Speaking on Sunday at the launch of his books “Principles For Principal People” and “General Ministerial and Christian Ethics," he noted that the fight against corruption would fail if the country continues to pursue changing the attitudes of the people who are already corrupt.

“I believe that the current crop of middle-aged people and even the youth, might not even be the best people to start with the corruption eradication agenda," he stated.

His comment follows how the country is still struggling to eradicate the menace of corruption despite the relentless effort by successive governments.

Ghana, according to the 2018 Corruption Perceptions Index reported by Transparency International, is the 78 least corrupt nation out of 175 countries.

Corruption Rank in Ghana averaged 64.71 from 1998 until 2018, reaching an all-time high of 81 in 2017 and a record low of 50 in 2002.

To change this tide, the preacher who is also an Education Consultant, suggests a strong social re-engineering on the issue of corruption which he thinks, must start from the early years of the education system.
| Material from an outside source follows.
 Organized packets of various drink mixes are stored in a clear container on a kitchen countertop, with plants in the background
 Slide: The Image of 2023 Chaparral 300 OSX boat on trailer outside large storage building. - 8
He further proposed in the curriculum of early childhood education, topics which would build the younger generation in seeing the bad impact of corruption on individuals and the country.

"Let the three-year-olds know [that] if you steal from someone's lunch box it's an act of corruption, if you cheat in exams hall it is also an act of corruption," he said.

He explained that, with this embedded in the minds of children and students of a younger age, the country would have a generation with a strong re-engineered mentality which is the best way to fight corruption.

He called on government, politicians, the clergy, religious bodies and civil groups to rise up and fight corruption at the early stages of life.

The books foreworded by senior clergy, Rev. Sam Korankye-Ankrah and the Deputy Attorney-General, Godfred Yeboah Dame, stresses on the need to be guided by principles in one’s life.